Cracking nuts is something we humans take for granted, but for hammer-wielding orangutans (a small selection, anyway) this skill is a new string to their bow in the eyes of primatologists. The use of a hammer – or hammer-like object – to break nuts had previously been recognized in other primate species, but now new research has found that some captive orangutans are capable of intuitively working out how to turn their hand to nut smashing without the need to be taught.
The new open access paper, published in the American Journal of Primatology, set to find out if these great apes could utilize tools provided to them when faced with a nut that needed to be cracked. They argue that nut-cracking is likely something these animals don’t practice in the wild owing to the fact that an arboreal lifestyle doesn’t lend itself very well to such a way of foraging.

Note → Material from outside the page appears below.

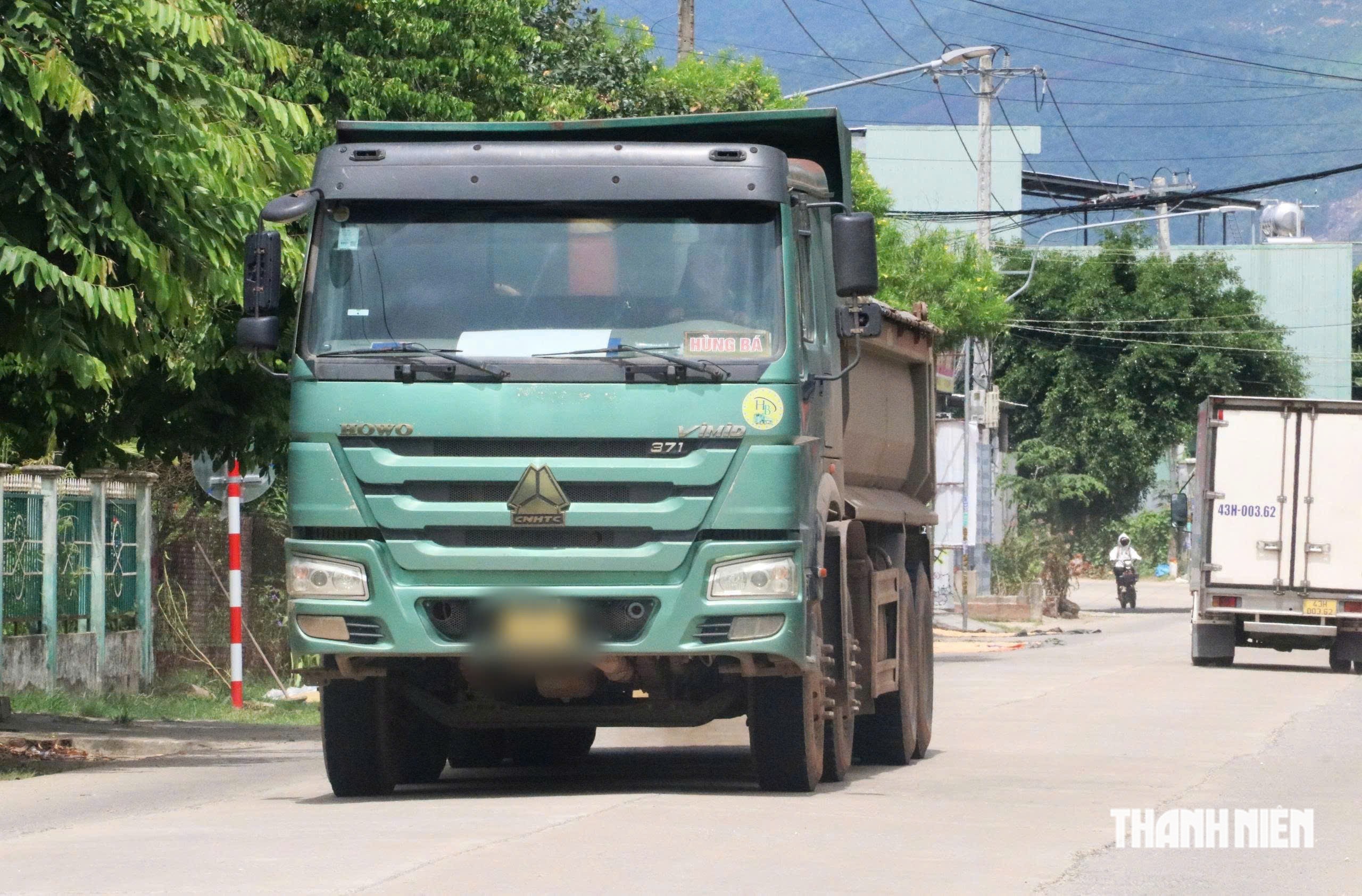 Đoàn xe tải chở đất, cát chạy như 'giặc', người dân ở Đà Nẵng bất an- Ảnh 7.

After all, it’s all well and good having broken the shell but not much use when the precious contents have pinged off into the abyss.
They put four orangutans at Leipzig Zoo, Germany, to the test to find out. Each animal was provided with some nuts and hammers but there was no demonstration by the keepers as to how the two could interact. One of the four in their experiment was able to start cracking nuts without tuition, demonstrating that it can emerge in these animals even when they’ve not learned the behavior from other animals.

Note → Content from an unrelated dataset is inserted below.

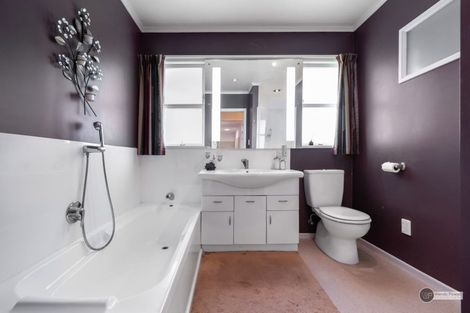 Photo of property in 501b Riverside Drive, Fairfield, Lower Hutt, 5011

The researchers also report data from a previously unpublished study led by co-author on the new paper Martina Funk, who tested eight orangutans at Zürich Zoo using similar conditions. Here, three orangutans demonstrated an affinity for nut-cracking, meaning that out of the total twelve animals tested, at least four individuals (one-third) were able to utilize the hammers to crack nuts.
The findings aren’t the first time orangutans have been shown to be proficient in tool use. Memorable footage saw one orangutan quite happily wielding a handsaw, while a captive orangutan in Dublin Zoo, Ireland, recently found a novel use for the teddy bear of one crestfallen child (TW: contains scenes of ruthless teddy tearing).

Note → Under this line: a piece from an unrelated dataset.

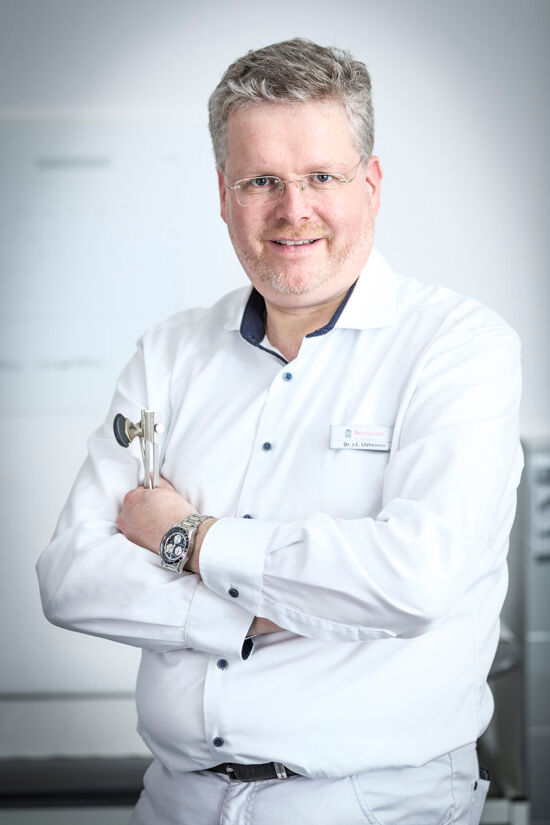 arzt-single-JCU_2649_full_q9_1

“Nut-cracking with hammer tools ... has been argued to be one of the most complex tool-use behaviors observed in nonhuman animals,” write the study authors. “So far, only chimpanzees, capuchins, and macaques have been observed using tools to crack nuts in the wild.”
“These results demonstrate that nut-cracking can emerge in orangutans through individual learning and certain types of non-copying social learning.”